**Source material**
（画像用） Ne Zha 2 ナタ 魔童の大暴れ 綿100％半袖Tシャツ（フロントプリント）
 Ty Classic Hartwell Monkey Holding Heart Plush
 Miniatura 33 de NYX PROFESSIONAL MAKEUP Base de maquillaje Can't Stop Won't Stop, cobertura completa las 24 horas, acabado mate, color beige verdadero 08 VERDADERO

**Task**
All of the data shown above should be printed exactly as given.

**Task answer**
（画像用） Ne Zha 2 ナタ 魔童の大暴れ 綿100％半袖Tシャツ（フロントプリント）
 Ty Classic Hartwell Monkey Holding Heart Plush
 Miniatura 33 de NYX PROFESSIONAL MAKEUP Base de maquillaje Can't Stop Won't Stop, cobertura completa las 24 horas, acabado mate, color beige verdadero 08 VERDADERO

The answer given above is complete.